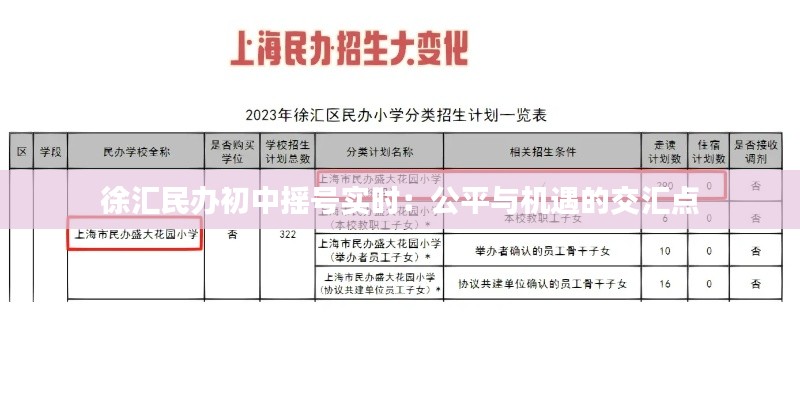 徐匯民辦初中搖號實時：公平與機遇的交匯點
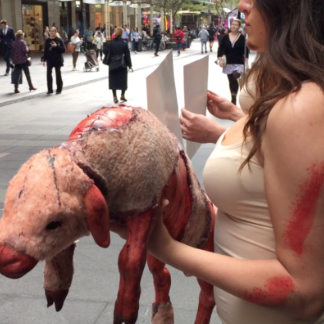 Protestors displayed sheep props displaying wounds obtained by sheep in the wool industry. Source: PETA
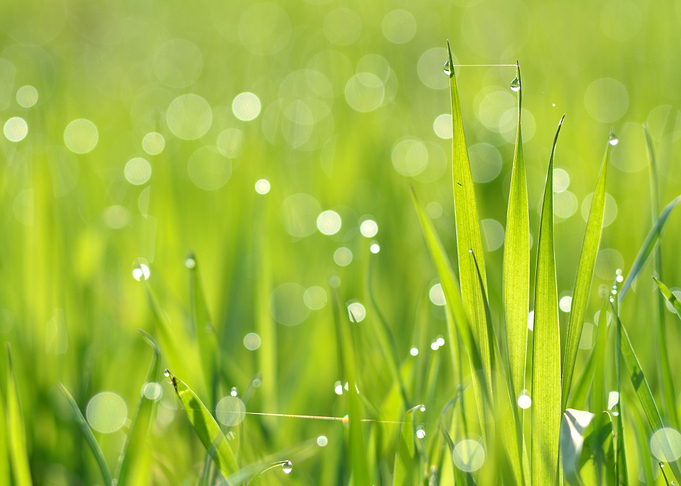 Fresh Green Grass With Wat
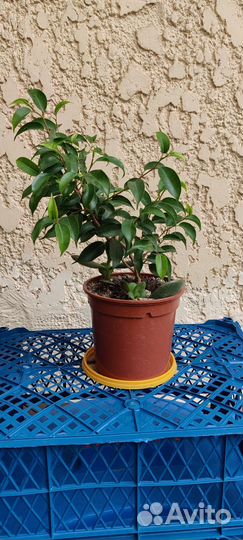 Фикус Бенджамина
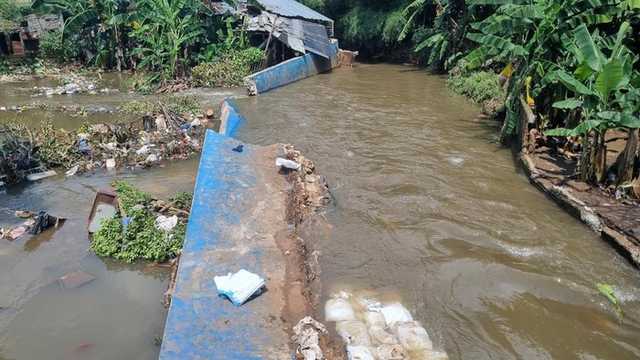 Search image article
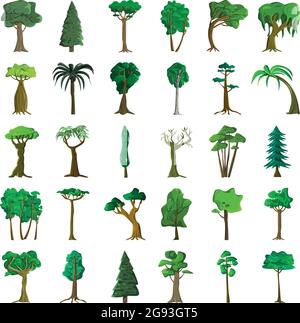 Seth arbres de différentes zones climatiques sur fond blanc - illustration vectorielle Illustration de Vecteur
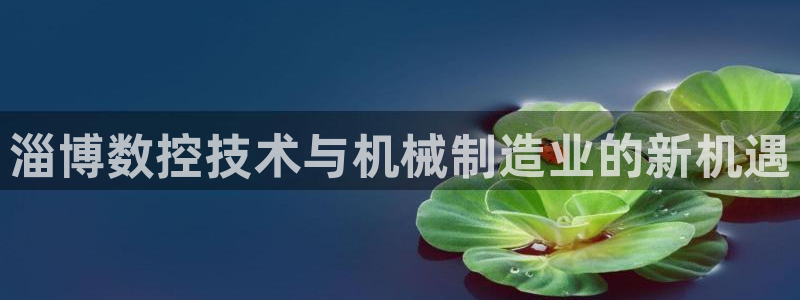 天辰娱乐新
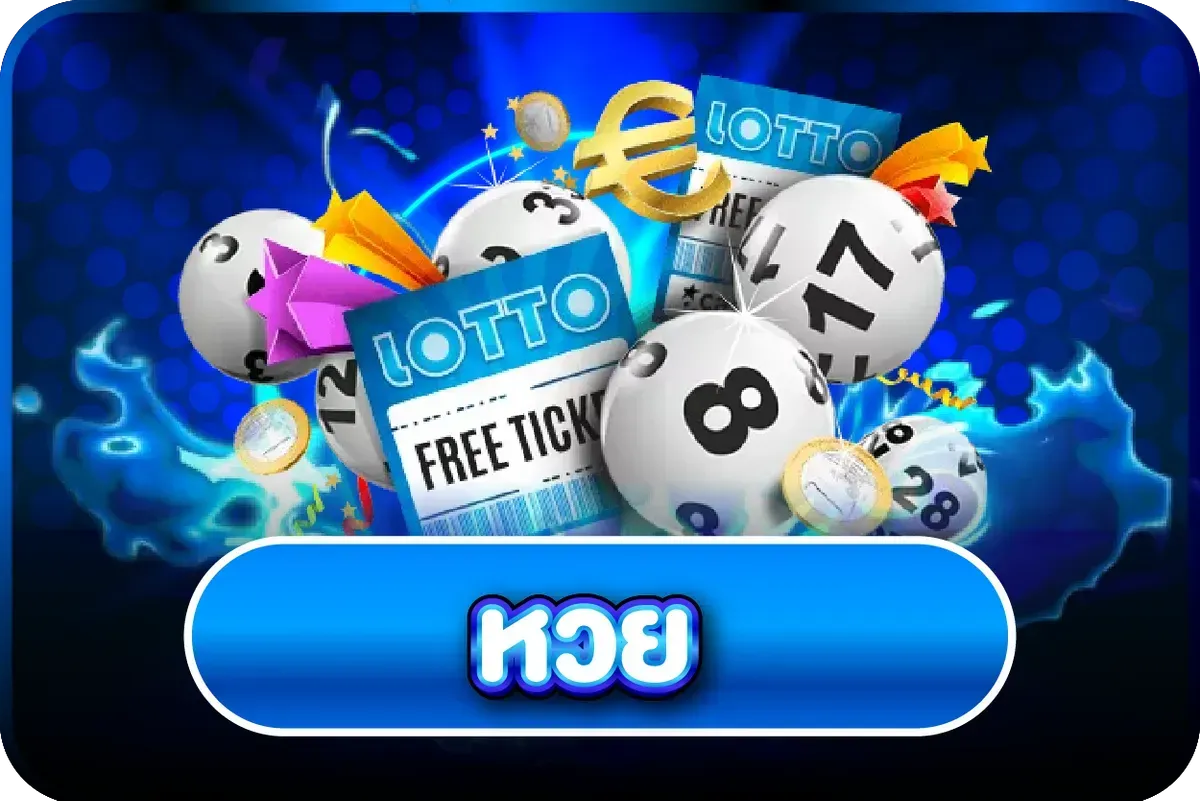 หมวดหวยออนไลน์และเช็คผลหวยผ่าน 168HIPPO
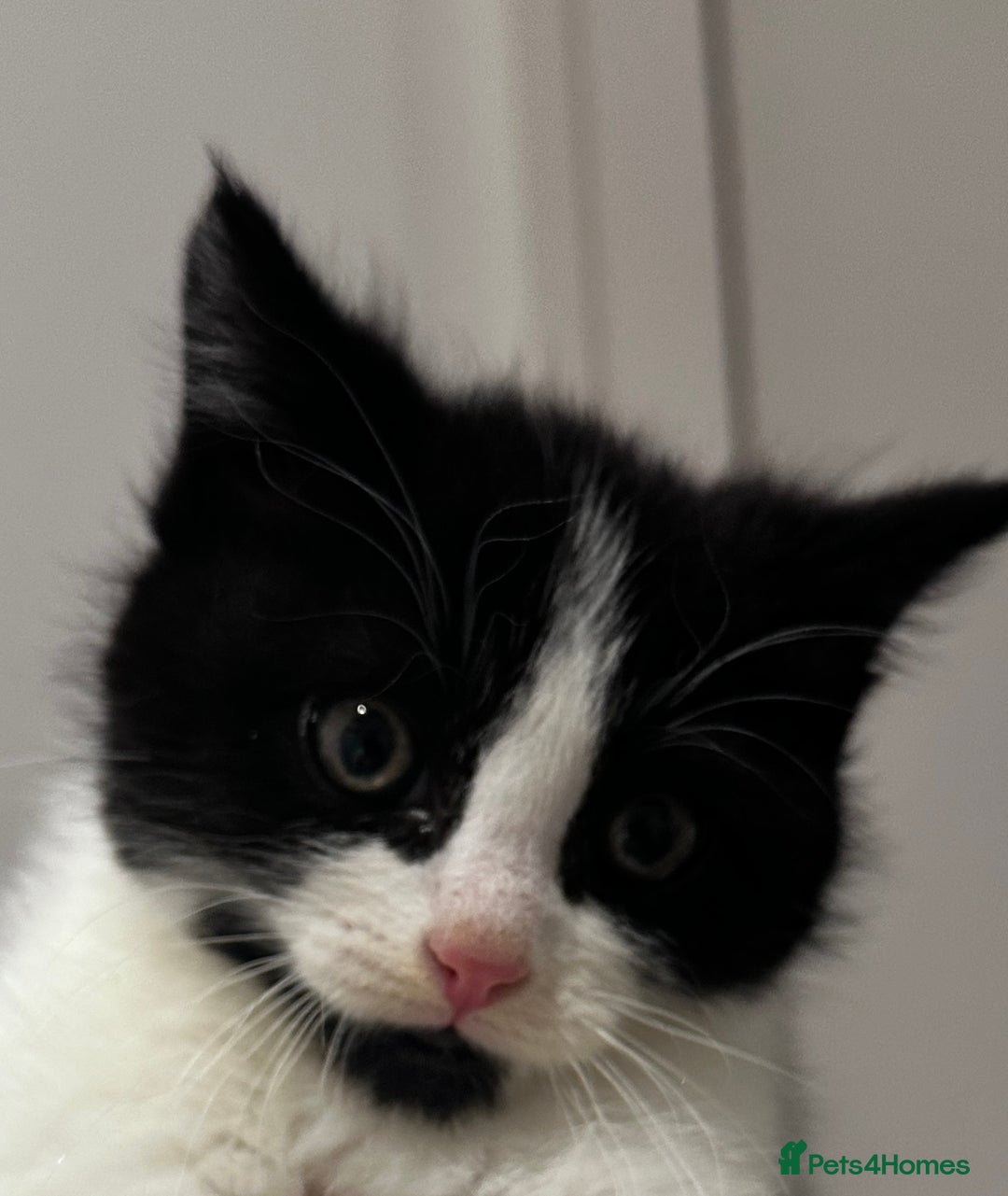 Domestic Shorthair cats for sale: Beautiful Domestic Cats-Mum,Dad&3 Adorable Kittens - Image 24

> **Exercise directions**: Drop the pictures and set down the data above exactly.

> **Written answer**:
 徐匯民辦初中搖號實時：公平與機遇的交匯點
 Protestors displayed sheep props displaying wounds obtained by sheep in the wool industry. Source: PETA
 Fresh Green Grass With Wat
 Фикус Бенджамина
 Search image article
 Seth arbres de différentes zones climatiques sur fond blanc - illustration vectorielle Illustration de Vecteur
 天辰娱乐新
 หมวดหวยออนไลน์และเช็คผลหวยผ่าน 168HIPPO
 Domestic Shorthair cats for sale: Beautiful Domestic Cats-Mum,Dad&3 Adorable Kittens - Image 24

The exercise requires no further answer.